Extracted material:
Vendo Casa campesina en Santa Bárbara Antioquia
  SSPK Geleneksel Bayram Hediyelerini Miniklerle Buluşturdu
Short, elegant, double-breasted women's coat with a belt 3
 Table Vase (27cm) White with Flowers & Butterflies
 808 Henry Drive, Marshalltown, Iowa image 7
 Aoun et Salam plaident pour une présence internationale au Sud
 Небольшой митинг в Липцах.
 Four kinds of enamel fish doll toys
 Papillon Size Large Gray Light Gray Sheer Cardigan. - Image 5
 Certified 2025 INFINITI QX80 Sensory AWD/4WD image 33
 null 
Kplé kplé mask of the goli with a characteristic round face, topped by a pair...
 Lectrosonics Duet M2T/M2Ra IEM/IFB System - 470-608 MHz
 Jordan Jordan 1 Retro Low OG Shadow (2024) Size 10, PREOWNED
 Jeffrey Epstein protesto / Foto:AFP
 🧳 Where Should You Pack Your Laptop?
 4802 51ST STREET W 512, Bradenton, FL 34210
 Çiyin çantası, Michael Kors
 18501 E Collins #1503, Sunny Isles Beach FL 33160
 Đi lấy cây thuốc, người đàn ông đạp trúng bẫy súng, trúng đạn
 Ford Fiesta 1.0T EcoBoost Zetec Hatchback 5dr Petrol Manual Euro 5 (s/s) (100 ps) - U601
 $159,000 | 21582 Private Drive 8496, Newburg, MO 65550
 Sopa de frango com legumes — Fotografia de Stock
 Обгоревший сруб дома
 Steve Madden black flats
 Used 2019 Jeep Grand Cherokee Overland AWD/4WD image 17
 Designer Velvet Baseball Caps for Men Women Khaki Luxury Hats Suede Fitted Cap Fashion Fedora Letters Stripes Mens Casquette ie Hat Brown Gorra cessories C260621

What is expected:
Only a number is wanted here: how many lines of the records above hold the word "with".

Result for this exercise:
3